Implementing single-precision division as double-precision multiplication

坚强是说给别人听的谎言 提交于 2019-12-29 08:04:26

问题


Question

For a C99 compiler implementing exact IEEE 754 arithmetic, do values of f, divisor of type float exist such that f / divisor != (float)(f * (1.0 / divisor))?

EDIT: By “implementing exact IEEE 754 arithmetic” I mean a compiler that rightfully defines FLT_EVAL_METHOD as 0.

Context

A C compiler that provides IEEE 754-compliant floating-point can only replace a single-precision division by a constant by a single-precision multiplication by the inverse if said inverse is itself representable exactly as a float.

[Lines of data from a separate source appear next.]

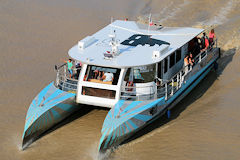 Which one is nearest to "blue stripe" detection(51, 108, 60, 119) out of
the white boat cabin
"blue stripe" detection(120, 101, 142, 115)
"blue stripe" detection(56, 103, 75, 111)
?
"blue stripe" detection(56, 103, 75, 111)

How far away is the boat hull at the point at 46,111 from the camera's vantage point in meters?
14.4

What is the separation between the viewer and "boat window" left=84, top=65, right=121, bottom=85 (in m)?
15.0

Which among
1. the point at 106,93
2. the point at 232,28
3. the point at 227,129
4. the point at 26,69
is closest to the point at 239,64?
the point at 232,28

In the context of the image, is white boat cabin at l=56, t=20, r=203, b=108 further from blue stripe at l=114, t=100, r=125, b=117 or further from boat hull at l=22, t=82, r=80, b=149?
boat hull at l=22, t=82, r=80, b=149

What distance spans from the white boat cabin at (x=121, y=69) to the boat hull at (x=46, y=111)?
0.50 meters

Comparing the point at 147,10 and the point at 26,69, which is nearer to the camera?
the point at 26,69

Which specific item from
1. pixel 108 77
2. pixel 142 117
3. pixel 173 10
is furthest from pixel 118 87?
pixel 173 10

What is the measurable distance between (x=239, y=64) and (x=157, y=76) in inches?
231

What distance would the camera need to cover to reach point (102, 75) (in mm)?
15320

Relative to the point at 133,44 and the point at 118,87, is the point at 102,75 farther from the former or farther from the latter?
the point at 133,44

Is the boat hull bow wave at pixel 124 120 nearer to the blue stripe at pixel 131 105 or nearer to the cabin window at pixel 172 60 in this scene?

In practice, this only happens for powers of two. So a programmer, Alex, may be confident that f / 2.0f will be compiled as if it had been f * 0.5f, but if it is acceptable for Alex to multiply by 0.10f instead of dividing by 10, Alex should express it by writing the multiplication in the program, or by using a compiler option such as GCC's -ffast-math.

This question is about transforming a single-precision division into a double-precision multiplication. Does it always produce the correctly rounded result? Is there a chance that it could be cheaper, and thus be an optimization that compilers might make (even without -ffast-math)?

I have compared (float)(f * 0.10) and f / 10.0f for all single-precision values of f between 1 and 2, without finding any counter-example. This should cover all divisions of normal floats producing a normal result.

Then I generalized the test to all divisors with the program below:

#include <float.h>
#include <math.h>
#include <stdio.h>

int main(void){
  for (float divisor = 1.0; divisor != 2.0; divisor = nextafterf(divisor, 2.0))
    {
      double factor = 1.0 / divisor; // double-precision inverse
      for (float f = 1.0; f != 2.0; f = nextafterf(f, 2.0))
        {
          float cr = f / divisor;
          float opt = f * factor; // double-precision multiplication
          if (cr != opt)
            printf("For divisor=%a, f=%a, f/divisor=%a but (float)(f*factor)=%a\n",
                   divisor, f, cr, opt);
        }
    }
}

The search space is just large enough to make this interesting (246). The program is currently running. Can someone tell me whether it will print something, perhaps with an explanation why or why not, before it has finished?


回答1:


Your program won't print anything, assuming round-ties-to-even rounding mode. The essence of the argument is as follows:

We're assuming that both f and divisor are between 1.0 and 2.0. So f = a / 2^23 and divisor = b / 2^23 for some integers a and b in the range [2^23, 2^24). The case divisor = 1.0 isn't interesting, so we can further assume that b > 2^23.

The only way that (float)(f * (1.0 / divisor)) could give the wrong result would be for the exact value f / divisor to be so close to a halfway case (i.e., a number exactly halfway between two single-precision floats) that the accumulated errors in the expression f * (1.0 / divisor) push us to the other side of that halfway case from the true value.

But that can't happen. For simplicity, let's first assume that f >= divisor, so that the exact quotient is in [1.0, 2.0). Now any halfway case for single precision in the interval [1.0, 2.0) has the form c / 2^24 for some odd integer c with 2^24 < c < 2^25. The exact value of f / divisor is a / b, so the absolute value of the difference f / divisor - c / 2^24 is bounded below by 1 / (2^24 b), so is at least 1 / 2^48 (since b < 2^24). So we're more than 16 double-precision ulps away from any halfway case, and it should be easy to show that the error in the double precision computation can never exceed 16 ulps. (I haven't done the arithmetic, but I'd guess it's easy to show an upper bound of 3 ulps on the error.)

So f / divisor can't be close enough to a halfway case to create problems. Note that f / divisor can't be an exact halfway case, either: since c is odd, c and 2^24 are relatively prime, so the only way we could have c / 2^24 = a / b is if b is a multiple of 2^24. But b is in the range (2^23, 2^24), so that's not possible.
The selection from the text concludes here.